Juan Carlos Serrano no se siente un héroe. “Héroes son ellos. Nosotros hacemos un trabajo para el que hemos sido entrenados, con mucha vocación”, afirma. Y añade que, después de participar en misiones como esta, “uno entiende que estas personas se embarcan en esos cayucos, no por placer o capricho, sino buscando una vida mejor para ellos y sus familias, jugándose la vida, y casi siempre engañados”.
Tanto Juan Carlos como Fernando imparten cursos de supervivencia. Se maravillan de que Aicha y sus dos compañeros sobrevivieran tanto tiempo sin agua, pero ya habían visto antes a otras personas sobrevivir en situaciones extremas.
“La capacidad del cuerpo humano para soportar esas condiciones es asombrosa. Pero las historias más grandes de supervivencia son las de la gente que tiene voluntad de vivir.”
Hoy Aicha Koné afirma: “Cuando llegué por primera vez a España, me arrepentí de salir de casa y arriesgar mi vida. Estuve muy cerca de la muerte. Pero ahora, estoy centrada en construir mi futuro.”
Según la Organización Internacional para las Migraciones, con sede en Ginebra, 1.109 migrantes murieron en el Océano Atlántico en 2021 tratando de llegar a las Islas Canarias en barco en busca de una vida mejor huyendo de la guerra, el hambre y la pobreza de sus países. Es la cifra más alta en un solo año desde que la ONU comenzó a recopilar datos en 2014. Se cree que la cifra total es mucho mayor.

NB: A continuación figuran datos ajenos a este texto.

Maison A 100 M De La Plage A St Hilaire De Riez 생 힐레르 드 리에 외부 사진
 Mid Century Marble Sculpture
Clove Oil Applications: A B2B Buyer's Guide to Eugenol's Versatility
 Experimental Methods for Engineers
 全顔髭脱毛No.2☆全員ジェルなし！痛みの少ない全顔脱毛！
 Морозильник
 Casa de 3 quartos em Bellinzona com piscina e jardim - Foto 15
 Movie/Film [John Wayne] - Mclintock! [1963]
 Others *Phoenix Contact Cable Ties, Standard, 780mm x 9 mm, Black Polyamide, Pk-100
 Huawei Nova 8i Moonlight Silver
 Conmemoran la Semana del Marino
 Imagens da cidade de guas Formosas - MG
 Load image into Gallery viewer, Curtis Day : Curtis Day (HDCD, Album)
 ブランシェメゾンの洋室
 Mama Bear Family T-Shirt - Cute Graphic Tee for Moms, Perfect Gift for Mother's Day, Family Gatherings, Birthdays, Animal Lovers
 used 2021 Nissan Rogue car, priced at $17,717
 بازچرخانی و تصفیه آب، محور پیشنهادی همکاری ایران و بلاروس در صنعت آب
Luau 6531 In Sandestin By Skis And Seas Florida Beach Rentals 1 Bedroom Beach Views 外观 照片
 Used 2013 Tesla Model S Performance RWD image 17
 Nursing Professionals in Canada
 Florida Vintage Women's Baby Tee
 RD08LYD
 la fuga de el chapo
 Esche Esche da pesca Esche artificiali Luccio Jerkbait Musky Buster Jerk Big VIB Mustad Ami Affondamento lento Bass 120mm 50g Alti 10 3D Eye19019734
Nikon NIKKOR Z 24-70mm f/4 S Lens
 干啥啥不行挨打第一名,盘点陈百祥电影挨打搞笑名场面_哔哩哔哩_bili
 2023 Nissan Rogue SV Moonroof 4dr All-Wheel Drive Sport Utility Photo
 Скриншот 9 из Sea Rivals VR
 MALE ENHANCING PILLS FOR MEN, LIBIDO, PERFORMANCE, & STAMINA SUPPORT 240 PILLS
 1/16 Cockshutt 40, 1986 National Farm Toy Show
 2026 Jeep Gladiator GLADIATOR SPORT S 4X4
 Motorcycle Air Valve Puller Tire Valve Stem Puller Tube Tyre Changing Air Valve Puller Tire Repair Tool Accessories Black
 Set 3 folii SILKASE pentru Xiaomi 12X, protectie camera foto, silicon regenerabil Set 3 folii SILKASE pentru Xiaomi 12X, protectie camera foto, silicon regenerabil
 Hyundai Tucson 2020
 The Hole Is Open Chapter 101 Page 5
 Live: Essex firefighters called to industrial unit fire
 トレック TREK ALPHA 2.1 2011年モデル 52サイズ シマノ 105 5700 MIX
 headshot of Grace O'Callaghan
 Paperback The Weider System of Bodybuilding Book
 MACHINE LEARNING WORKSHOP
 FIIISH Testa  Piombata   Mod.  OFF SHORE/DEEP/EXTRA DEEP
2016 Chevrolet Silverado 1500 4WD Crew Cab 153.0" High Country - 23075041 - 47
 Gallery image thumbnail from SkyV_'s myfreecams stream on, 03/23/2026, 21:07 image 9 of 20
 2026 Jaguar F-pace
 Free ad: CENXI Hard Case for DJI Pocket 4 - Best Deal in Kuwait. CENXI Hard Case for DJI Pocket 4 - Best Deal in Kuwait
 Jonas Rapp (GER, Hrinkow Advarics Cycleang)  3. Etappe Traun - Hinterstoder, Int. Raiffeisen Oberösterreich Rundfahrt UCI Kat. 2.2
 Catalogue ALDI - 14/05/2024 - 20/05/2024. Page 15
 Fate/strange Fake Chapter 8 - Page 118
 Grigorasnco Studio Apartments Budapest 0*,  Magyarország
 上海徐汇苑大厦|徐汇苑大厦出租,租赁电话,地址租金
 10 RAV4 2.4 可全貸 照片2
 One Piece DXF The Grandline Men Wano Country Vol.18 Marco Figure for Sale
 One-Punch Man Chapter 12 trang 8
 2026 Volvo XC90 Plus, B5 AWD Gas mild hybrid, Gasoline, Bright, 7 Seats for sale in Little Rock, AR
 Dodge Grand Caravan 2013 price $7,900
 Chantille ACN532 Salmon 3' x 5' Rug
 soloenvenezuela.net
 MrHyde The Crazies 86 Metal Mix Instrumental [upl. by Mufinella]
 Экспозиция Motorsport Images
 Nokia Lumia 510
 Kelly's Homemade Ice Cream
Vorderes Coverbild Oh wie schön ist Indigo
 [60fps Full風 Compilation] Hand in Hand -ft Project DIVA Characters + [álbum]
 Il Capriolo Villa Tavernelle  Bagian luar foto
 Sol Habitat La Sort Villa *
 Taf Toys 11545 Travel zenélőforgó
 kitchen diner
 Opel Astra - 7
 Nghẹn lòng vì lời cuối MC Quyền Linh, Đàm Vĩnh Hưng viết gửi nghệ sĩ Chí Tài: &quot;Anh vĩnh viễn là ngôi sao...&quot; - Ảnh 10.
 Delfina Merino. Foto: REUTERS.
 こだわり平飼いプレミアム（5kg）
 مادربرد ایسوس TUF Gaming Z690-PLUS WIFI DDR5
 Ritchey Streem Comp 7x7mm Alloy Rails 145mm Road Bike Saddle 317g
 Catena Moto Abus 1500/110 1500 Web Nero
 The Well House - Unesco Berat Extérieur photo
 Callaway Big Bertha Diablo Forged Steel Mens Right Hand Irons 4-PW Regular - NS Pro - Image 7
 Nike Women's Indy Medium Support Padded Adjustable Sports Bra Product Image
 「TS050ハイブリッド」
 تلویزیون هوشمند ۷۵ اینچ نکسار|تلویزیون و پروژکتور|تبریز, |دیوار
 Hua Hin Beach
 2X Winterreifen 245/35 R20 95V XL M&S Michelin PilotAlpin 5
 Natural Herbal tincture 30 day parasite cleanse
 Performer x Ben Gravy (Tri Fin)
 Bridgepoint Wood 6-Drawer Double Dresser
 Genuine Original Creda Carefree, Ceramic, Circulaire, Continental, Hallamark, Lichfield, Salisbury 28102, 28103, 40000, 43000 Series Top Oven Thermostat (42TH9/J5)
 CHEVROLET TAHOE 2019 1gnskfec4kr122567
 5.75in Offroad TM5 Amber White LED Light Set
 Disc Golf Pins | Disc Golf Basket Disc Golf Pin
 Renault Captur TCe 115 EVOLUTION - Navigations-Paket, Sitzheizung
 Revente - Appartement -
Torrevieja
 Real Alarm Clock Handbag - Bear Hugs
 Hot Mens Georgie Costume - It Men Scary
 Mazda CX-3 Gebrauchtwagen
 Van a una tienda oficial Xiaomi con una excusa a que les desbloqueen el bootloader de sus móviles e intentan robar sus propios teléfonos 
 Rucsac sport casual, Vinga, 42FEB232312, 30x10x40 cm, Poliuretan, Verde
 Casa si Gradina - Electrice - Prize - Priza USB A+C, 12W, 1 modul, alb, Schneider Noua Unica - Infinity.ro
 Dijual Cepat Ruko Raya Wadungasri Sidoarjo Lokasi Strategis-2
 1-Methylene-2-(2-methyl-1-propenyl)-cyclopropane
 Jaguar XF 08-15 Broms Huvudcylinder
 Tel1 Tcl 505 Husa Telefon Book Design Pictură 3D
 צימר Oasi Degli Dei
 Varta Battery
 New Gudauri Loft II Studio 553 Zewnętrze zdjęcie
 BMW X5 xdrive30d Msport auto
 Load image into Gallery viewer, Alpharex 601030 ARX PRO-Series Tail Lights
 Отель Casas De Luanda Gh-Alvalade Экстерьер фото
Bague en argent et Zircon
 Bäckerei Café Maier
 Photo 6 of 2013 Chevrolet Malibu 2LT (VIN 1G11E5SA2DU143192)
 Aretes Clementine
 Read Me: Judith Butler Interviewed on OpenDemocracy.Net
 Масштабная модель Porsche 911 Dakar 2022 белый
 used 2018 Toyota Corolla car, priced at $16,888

En una visita a la Base Aérea de Gando en enero pasado, la ministra de Defensa, Margarita Robles, felicitó al Ejército del Aire español por el trabajo que realizan cada día en el Atlántico, destacando el rescate de los tres supervivientes en abril de 2021. “La humanidad que se puso es algo que no olvidaré nunca”, dijo.